Segment Start: Provided material

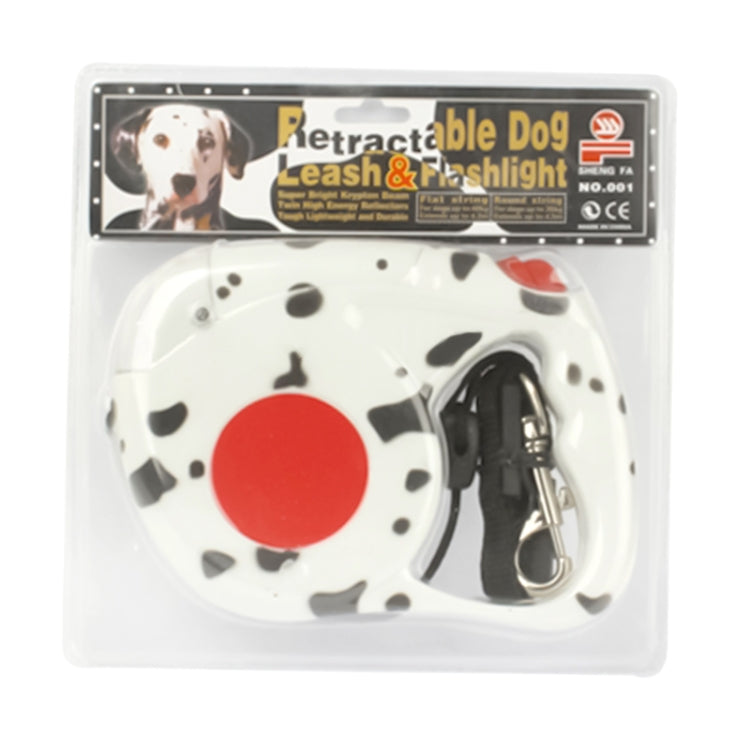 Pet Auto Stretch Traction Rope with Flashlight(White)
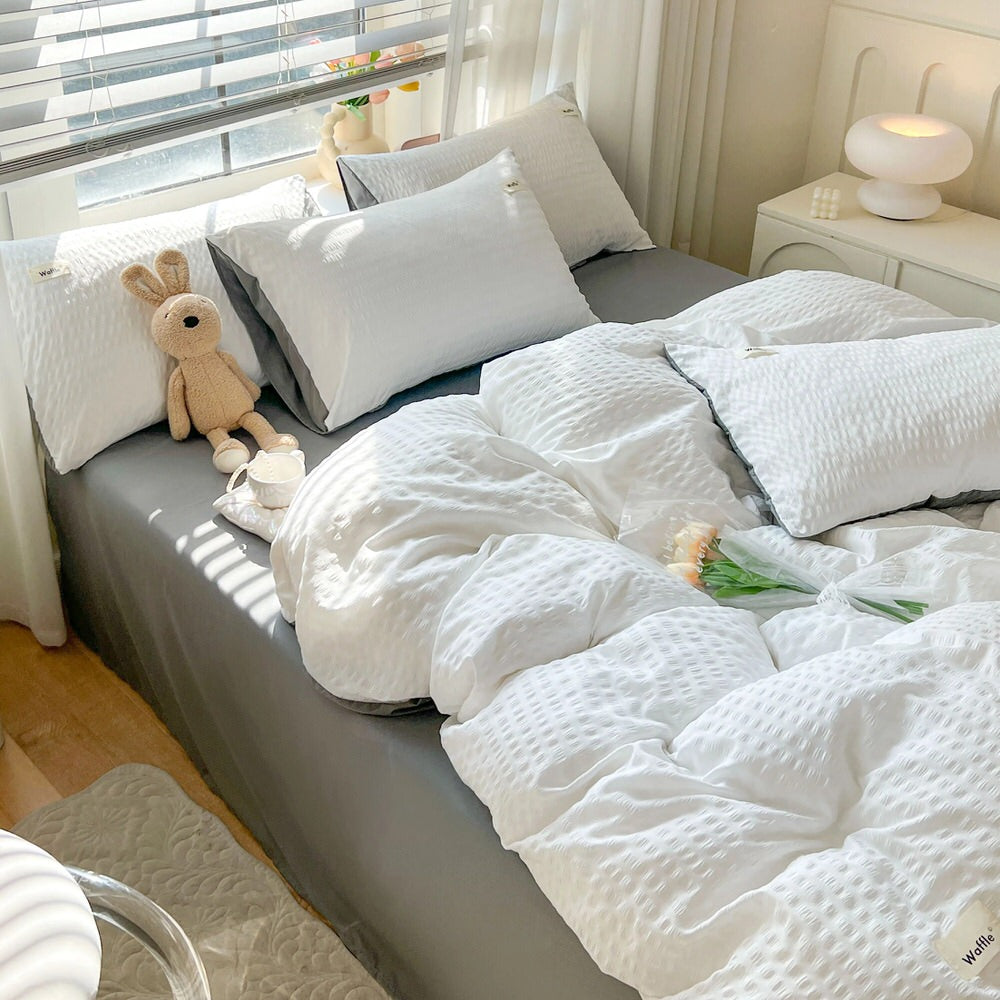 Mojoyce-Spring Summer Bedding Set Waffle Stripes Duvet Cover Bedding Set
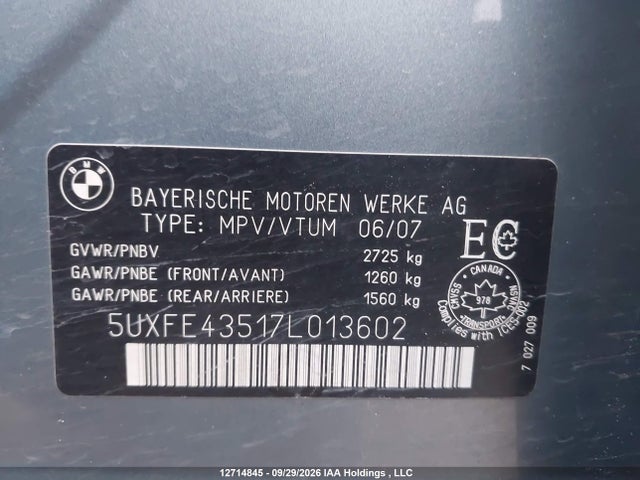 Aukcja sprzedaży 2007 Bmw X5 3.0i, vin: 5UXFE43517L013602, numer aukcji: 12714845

Segment End: Provided material

» **Exercise**
An exact copy of the listing above is to be set down, with no pictures in it.

» **Task response**
 Pet Auto Stretch Traction Rope with Flashlight(White)
 Mojoyce-Spring Summer Bedding Set Waffle Stripes Duvet Cover Bedding Set
 Aukcja sprzedaży 2007 Bmw X5 3.0i, vin: 5UXFE43517L013602, numer aukcji: 12714845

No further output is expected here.